Ocotillo Lodge interior

Modernism Week Replay: Ocotillo Lodge, Sunmor, and Racquet Club Estates

Home tours replayed the classics with fresh twists and retro fanfare. We look back at a few highlights from Modernism Week 2024.

David Lansing Home & Design, Modernism

Ocotillo Lodge interior

Ocotillo Lodge interior. 
PHOTO COURTESY MODERNISM WEEK

When I arrive at the Ocotillo Lodge, Marilyn Monroe, in her iconic white halter dress, is having her photo taken in front of a cherry red 1956 MGA. She smiles, lifts one shoulder, and breathily says, “I’ve been waiting for you all morning!”

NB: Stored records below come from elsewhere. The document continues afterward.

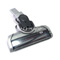 Black & Decker FOOT SA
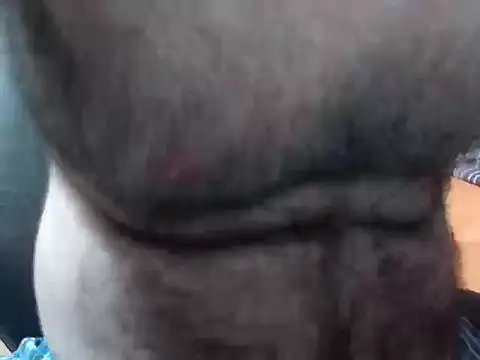 cumintodadark online show from March 10, 2026, 12:37 am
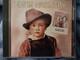 Elvis Presley Country Rare Error Cd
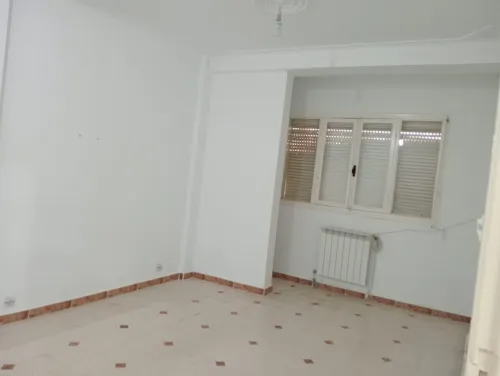 Location Appartement Niveau de villa F3 Alger El achour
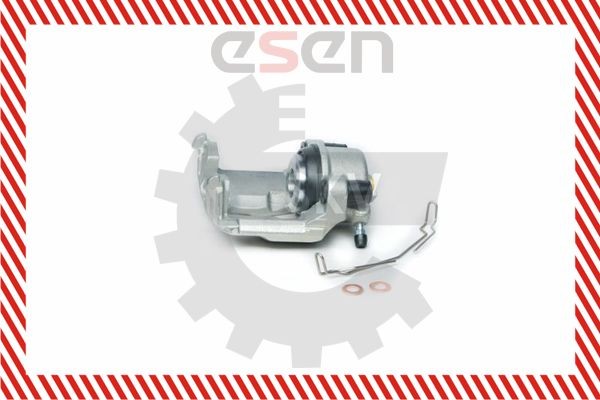 ESEN SKV Remklauw 23SKV052 23SKV052 Remklauw ESEN SKV CHEVROLET BLAZER K5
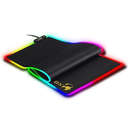 GX-Pad 800S RGB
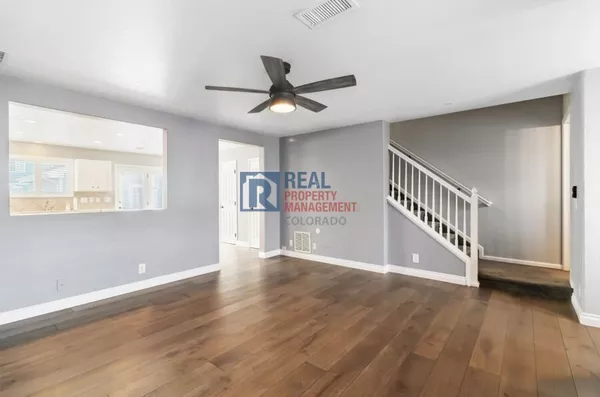 2 bedrooms apartment for rent in Stapleton - East Denver, Denver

It’s not really Marilyn, of course, but a very good impersonator, Miss DD Starr. When she isn’t being Marilyn, Miss Starr gives ’60s dance lessons. She teaches the Twist, the Locomotion, the Fugue. According to Miss Starr, “The secret to being a good go-go dancer is you have to wear a dress with fringe.”

Armando’s Bar

JC DiStefano as Lucille Ball, Jack Sciore, Chantel Cruikshank, Miss DD Star as Marilyn Monroe.
PHOTO COURTESY MODERNISM WEEK

When I ask Marilyn how things are going, her face lights up. “Oh, swell,” she says.

I love that word. Nobody ever says it anymore, which I think is a shame. She puts a hand on my arm and says, “I wish every week was Modernism Week, don’t you?”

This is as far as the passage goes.